Panel: Presiding Judge and judge-rapporteur Edger Brinkman, Judge Petri Rinkinen, Judge Margot Kokke.
In that parallel case mentioned above, the court didn’t have to reach the Ireland question because the patent was deemed likely invalid.
3. First new case for Munich LD’s new second panel
First new case assigned to Judges Daniel and Ulrike Voss (“Voß” in German), the new judges of the Unified Patent Court’s Munich Local Division (newly formed second panel (May 28, 2024 ip fray article)): Brita SE v. AquaShield, Inc., case no. ACT_29522/2024, EP2387547 (“valve actuating device of a valve, liquid tank of a liquid treatment apparatus, and a liquid treatment apparatus”).
The two judges who are originally from Dusseldorf are joined by Judge Mojca Mlakar of the Ljubljana (Slovenia) LD. This means there’s another first: the first-ever Munich LD case with two female judges (it could even be the first one with any female judge on the panel).
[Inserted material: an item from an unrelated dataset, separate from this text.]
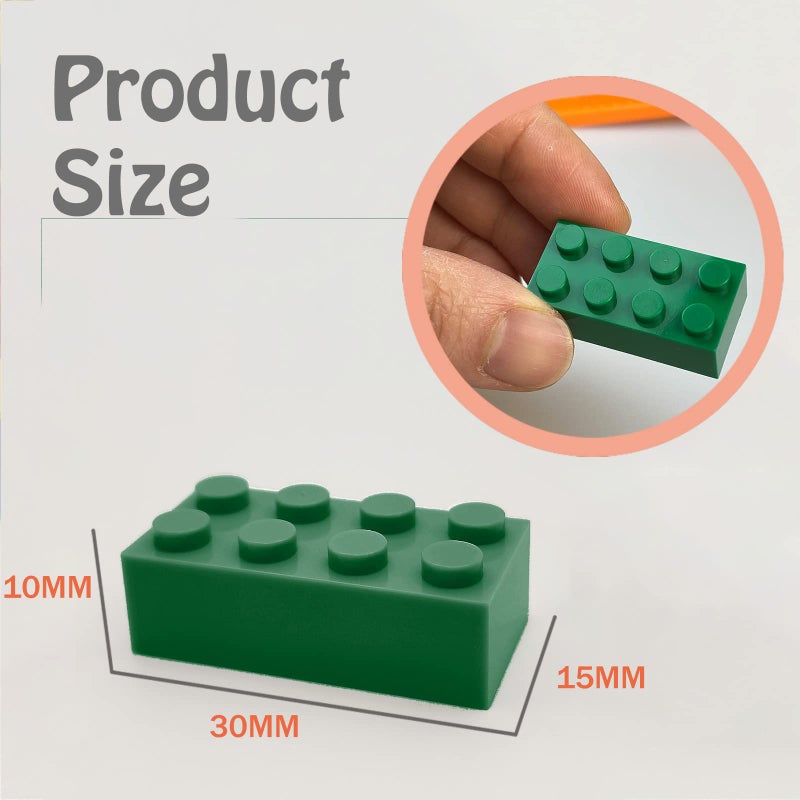 HUIZDQ قطع بناء كلاسيكية صغيرة HUIZDQ 200 قطعة، طوب بالجملة 2x4، ألعاب بناء إبداعية STEM، أحمر، أصفر، أزرق، أخضر (طوب صغير، 1.25x0.62x0.47 بوصة) - Image 4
Counsel for plaintiff: Meissner Bolte’s Niels Schuh.
4. Lenovo countersues ASUSTeK
Lenovo is countersuing ASUSTeK in the Unified Patent Court’s Munich Local Division:
Case no. ACT_33753/2024, EP3682587 (“reference signals for radio link monitoring”).
Unlike the valve patent case discussed in the previous post (first new case to be assigned to the two new Munich LD judges, and first Munich LD case with two female judges on the panel), this one has been assigned to the first panel (Presiding Judge Dr. Matthias Zigann, Judge Tobias Pichlmaier, and they are joined by Judge Peter Agergaard of the Copenhagen LD).
The dispute started with ASUSTeK suing Lenovo in the Munich I Regional Court last August. Lenovo countersued, initially in the USITC.
Lenovo is represented by Freshfields Bruckhaus Deringer’s Eva Acker.